The induction heating coil is part of a resonant circuit which comprises the induction heating coil and one or more capacitors. The induction heating coil is normally designed as a flat, helically wound coil with associated ferrite cores and is arranged, for example, under a glass ceramic surface of an induction hob. In doing so, the induction heating coil in conjunction with the cookware to be heated forms an inductive and a resistive part of the resonant circuit.
To drive or excite the resonant circuit, a low-frequency mains alternating voltage with a mains frequency of 50 Hz or 60 Hz for example is first rectified and then converted by means of semiconductor switches into an excitation or drive signal of higher frequency. The excitation signal or drive voltage is usually a rectangular voltage with a frequency in a range from 20 kHz to 50 kHz. A circuit to generate the excitation signal is also referred to as a (frequency) converter.
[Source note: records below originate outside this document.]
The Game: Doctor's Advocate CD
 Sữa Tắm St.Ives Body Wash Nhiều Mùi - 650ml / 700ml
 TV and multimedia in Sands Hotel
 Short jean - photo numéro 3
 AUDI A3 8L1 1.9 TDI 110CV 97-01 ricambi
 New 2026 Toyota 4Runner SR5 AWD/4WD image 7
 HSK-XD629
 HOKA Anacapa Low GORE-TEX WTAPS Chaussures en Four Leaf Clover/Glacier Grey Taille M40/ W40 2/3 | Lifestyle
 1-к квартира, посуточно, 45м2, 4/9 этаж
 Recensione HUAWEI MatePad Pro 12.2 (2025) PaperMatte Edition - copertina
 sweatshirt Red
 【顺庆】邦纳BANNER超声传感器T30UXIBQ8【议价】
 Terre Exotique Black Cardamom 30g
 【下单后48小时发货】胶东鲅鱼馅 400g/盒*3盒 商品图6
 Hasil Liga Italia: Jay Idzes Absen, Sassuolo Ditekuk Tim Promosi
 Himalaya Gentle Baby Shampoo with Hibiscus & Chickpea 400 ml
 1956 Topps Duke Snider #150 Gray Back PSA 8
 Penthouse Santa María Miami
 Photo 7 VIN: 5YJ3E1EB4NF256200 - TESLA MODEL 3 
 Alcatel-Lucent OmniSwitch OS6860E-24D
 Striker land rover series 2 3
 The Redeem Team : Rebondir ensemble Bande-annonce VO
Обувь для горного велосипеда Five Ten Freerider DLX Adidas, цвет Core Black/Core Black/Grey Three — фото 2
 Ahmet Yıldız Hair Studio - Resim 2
Different methods have been disclosed for adjusting a heating power supply to the cooking vessel depending on a set heating power setpoint.
In a first method, a frequency of the excitation signal or of the rectangular voltage is varied depending on the heating power to be emitted or supplied or on the required power transfer. This method for adjusting the heating power emission makes use of the fact that a maximum heating power emission occurs when the resonant circuit is excited at its resonant frequency. The greater the difference between the frequency of the excitation signal and the resonant frequency of the resonant circuit, the smaller the heating power emitted.
However, if the induction heating device has a plurality of resonant circuits, for example when the induction heating device forms an induction hob with different induction cooking zones, and different heating powers are set for the resonant circuits, beat frequencies, which can lead to annoying noises, can be caused due to superimposition of the different frequencies of the excitation signals.
A method for adjusting the heating power which prevents annoying noises due to beat frequencies of this kind is a pulse width modulation of the excitation signal at constant excitation frequency, with which an effective value of a heating power is adjusted by varying the pulse width of the excitation signal. However, with an effective-value control of this kind by varying the pulse width at constant excitation frequency, high switch-on and switch-off currents occur in the semiconductor switches, as a result of which a wide-bandwidth and energy-rich interference spectrum is produced.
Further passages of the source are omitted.